Coppia


937 Post Road
Fairfield 06824

By LORRAINE GENGO
Fairfield County Weekly
Published: 8/5/05

"Coppia," which means "couple" in Italian, seems an appropriate name for the new Italian restaurant that opened about six weeks ago at 937 Post Rd., in Fairfield, the spot that many local foodies revered as the location of Cafe Rafael.

You see, the cafe was renowned for the Provencale and Moroccan fare that were the birthrights of its owners--Jean-Roger and Drissia Rafael--the husband-and-wife team who ran the place for years and who leave behind many loyal customers. The Rafaels returned to Marseilles, so we hear, and they will be sorely missed (as will Drissia's b'stilla and other Moroccan treats).

Coppia is run by another culinary couple--Brian and Kristen Cunningham--who both come from restaurant families. This is the couple's first venture owning their own restaurant, and they couldn't have chosen a better way to start than with an intimate room that seats only about 22 people, with a small patio in the back that fits a couple of tables for those looking to eat al fresco.

The view of the kitchen one had from the dining room when it was Cafe Rafael has now been obscured by smoked glass, which is too bad, I think. There's something reassuring about an open kitchen. And the decor could use some personality and warming up. But these are merely incidental considerations. After all, it's the food that really matters, and it's here that Coppia demonstrates that its sensibilities are in the right place.

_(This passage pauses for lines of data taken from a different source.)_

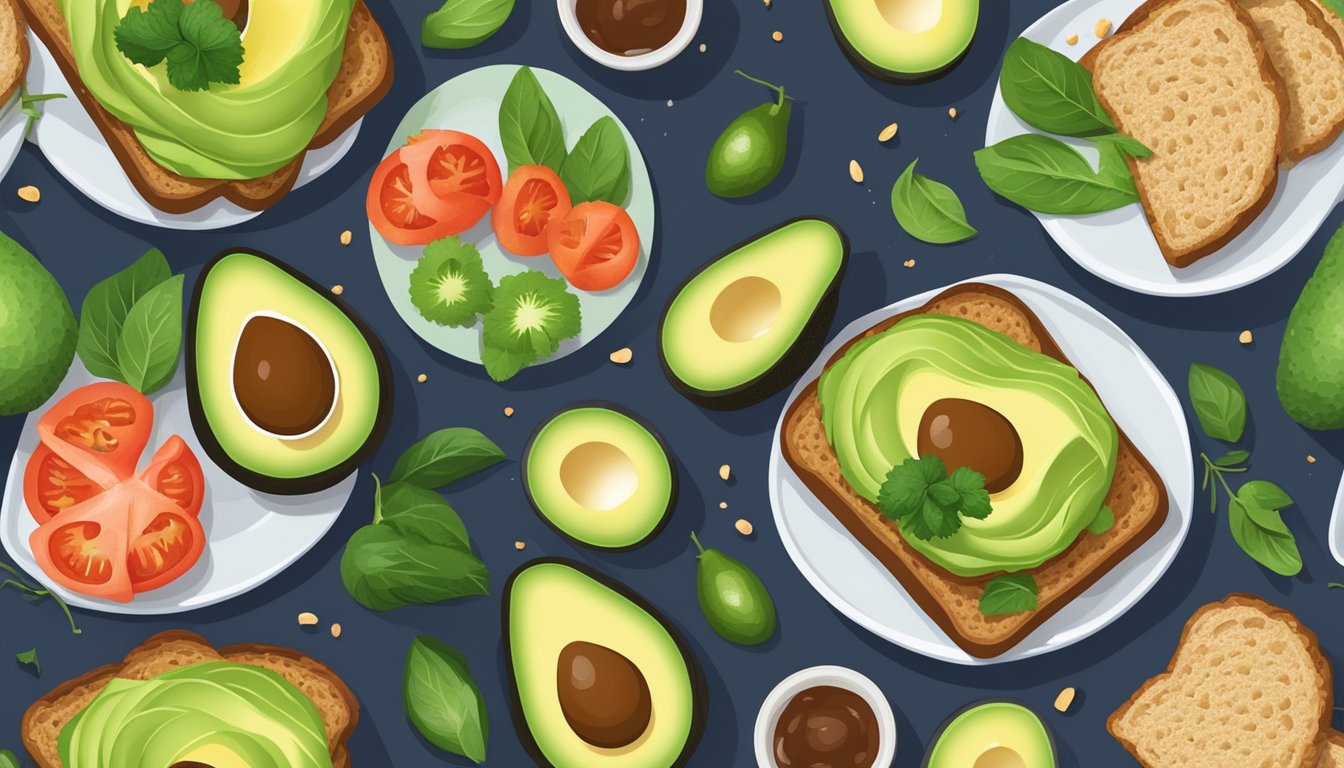 A plate of avocado toast on whole grain bread surrounded by fresh ingredients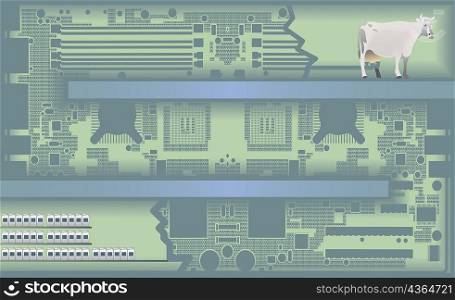 Cow standing on a circuit board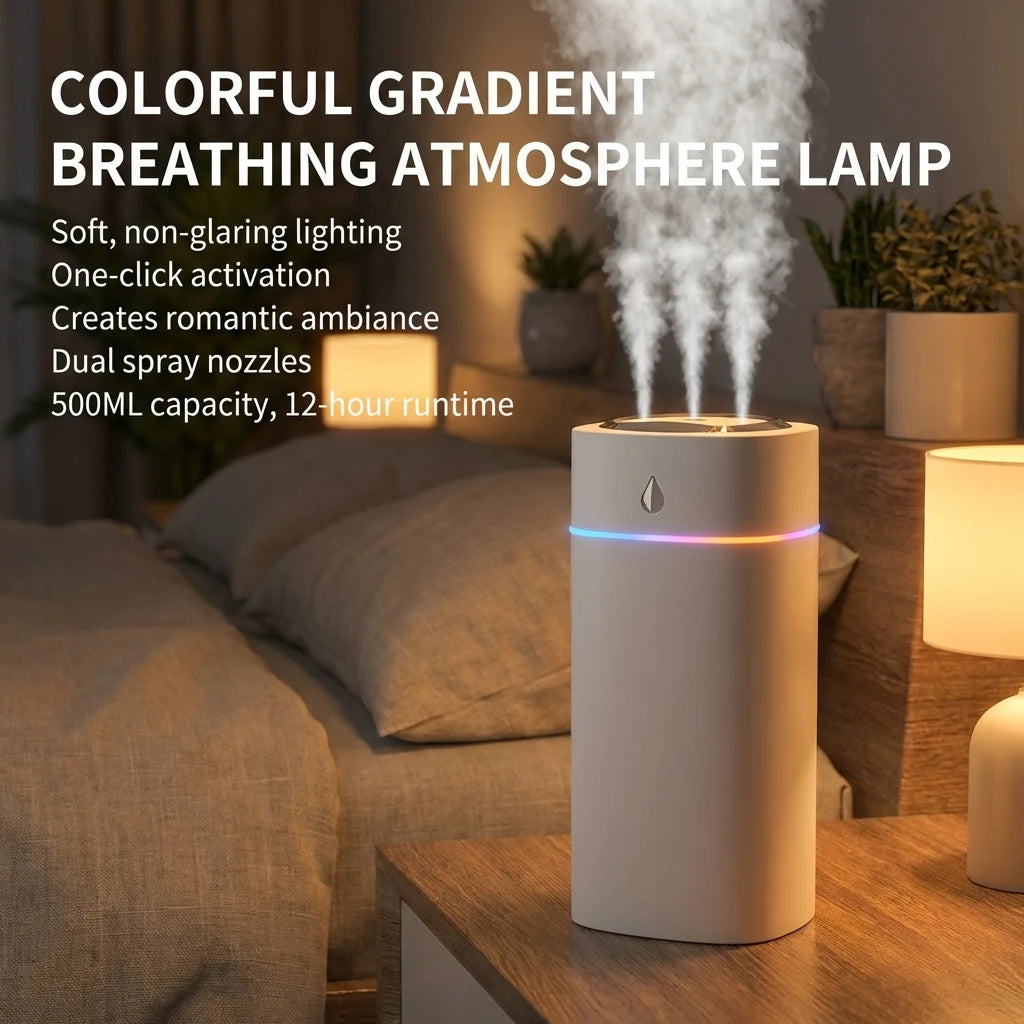 Three-Nozzle Water Drop Spray Humidifier Gentle Quick Space Moisturization for Home Office Decorative Air Moisturizer
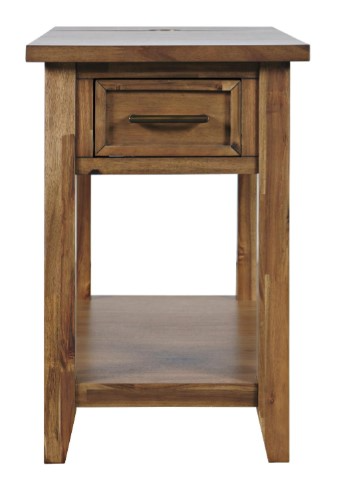 Jofran Claremont Light Brown Chairside Table with Power Unit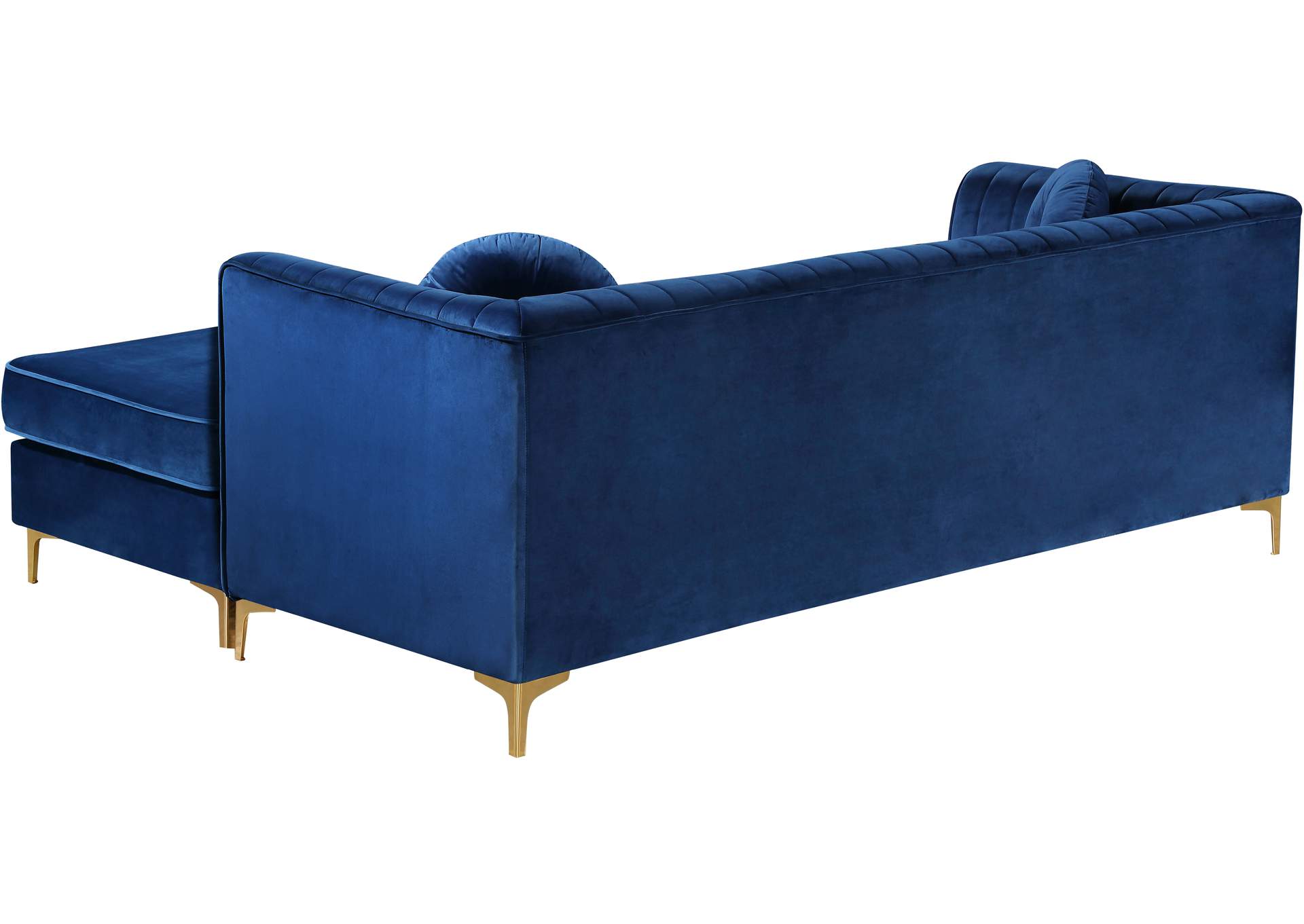 Eliana Navy Velvet 2 Piece Reversible Sectional,Meridian Furniture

Brian's the chef, while Kristen runs the front of the house. Although the night we visited, there was a waiter on duty, and only one other table occupied.

He steered us to the anipasti Coppia ($8), an assortment of fresh mozzarella, provolone, thinly sliced proscuitto and bresaole, a cured Italian beef that turned up again on Coppia's signature baby arugula and bresaole salad ($7). There were other handmade delicacies on this antipasti dish--namely housemade roasted red peppers--which showed that the emphasis was on fine ingredients, simply presented. Such was the case with the calamari and shrimp appetizer ($10), which featured rings of tender calamari and nice, fat shrimp that had been poached and marinated in vinegar and olive oil, garnished with celery and black olives. Served room temperature, these are the kinds of clean flavors I crave during hot weather.

The salads continued in this vein, with a composition of golden beets, string beans, red onion and vine-ripened tomatoes dressed in olive oil and vinegar ($7), and the aforementioned arugula salad, which, with its fresh-squeezed lemon and olive oil dressing and shaved Reggiano parmesan, couldn't be improved upon one iota. Pay attention, health-conscious diners: This is the way we should be eating all the time! With the emphasis on locally produced, whole foods, fruits and green, leafy vegetables and monounsaturated fats from really good olive oils.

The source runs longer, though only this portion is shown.